Nuevamente llega la temporada ciclónica. Otra vez, estemos haciendo lo que estemos haciendo, procuramos andar pendientes de los partes meteorológicos mientras invocamos a cualquier deidad para que “este año no, por favor, este año no”. La misma frase repetida cada temporada. La misma que continuaremos susurrando año tras año.
Crecimos y quedó atrás el tiempo en que la llegada de un ciclón nos regalaba la alegría de no ir a la escuela. La inocencia de paquetes de galletas y juegos con linternas, al igual que muchas otras ingenuidades, ya se terminó. Se la llevó el viento fuerte y las inundaciones, salió volando encima de las planchas de zinc del techo, quedó atrapada bajo fuertes árboles derruidos, sepultada bajo los escombros de las casas venidas abajo.
En la infancia solo veíamos llover y llover, sin más. No reparábamos en los rostros preocupados de nuestros padres, en las ojeras de nuestras abuelas que, en silencio, solo atinaban a hacer ollas de sopas mientras los demás martillaban para proteger puertas y ventanas, bajaban la antena del televisor y resguardaban dentro de las casas pedazos de maderas y cuanto pudiera ser útil, en caso de…
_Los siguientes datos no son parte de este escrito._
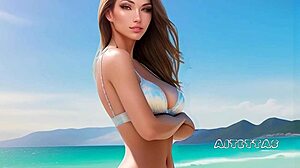 sandra, the virgin teen, stays untouched while naked on the beach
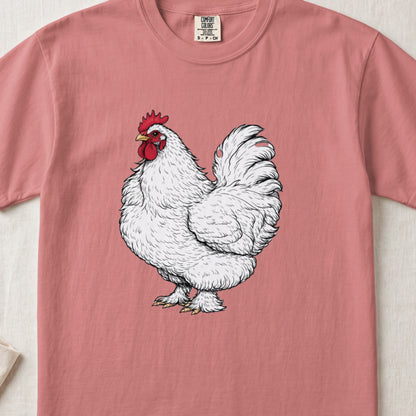 A pink crewneck t-shirt featuring an illustrated white rooster with a red comb.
Para los niños aquello era una fiesta. Me recuerdo, ahora con ternura, espiando por entre las pocas ranuras que no quedaban cubiertas por el papel precinta con el que mami atravesaba los cristales de la ventana para que no fueran a estallar en mil añicos, sin entender por qué ella y abuela me peleaban tanto para que me separara de los vidrios, del peligro que yo no veía por ninguna parte. Yo solo quería mirar, mirar, mirar… para luego al regresar a la escuela tener más para contar que el niño de la calle siguiente que también lo único que quería era mirar, mirar, mirar… y contar.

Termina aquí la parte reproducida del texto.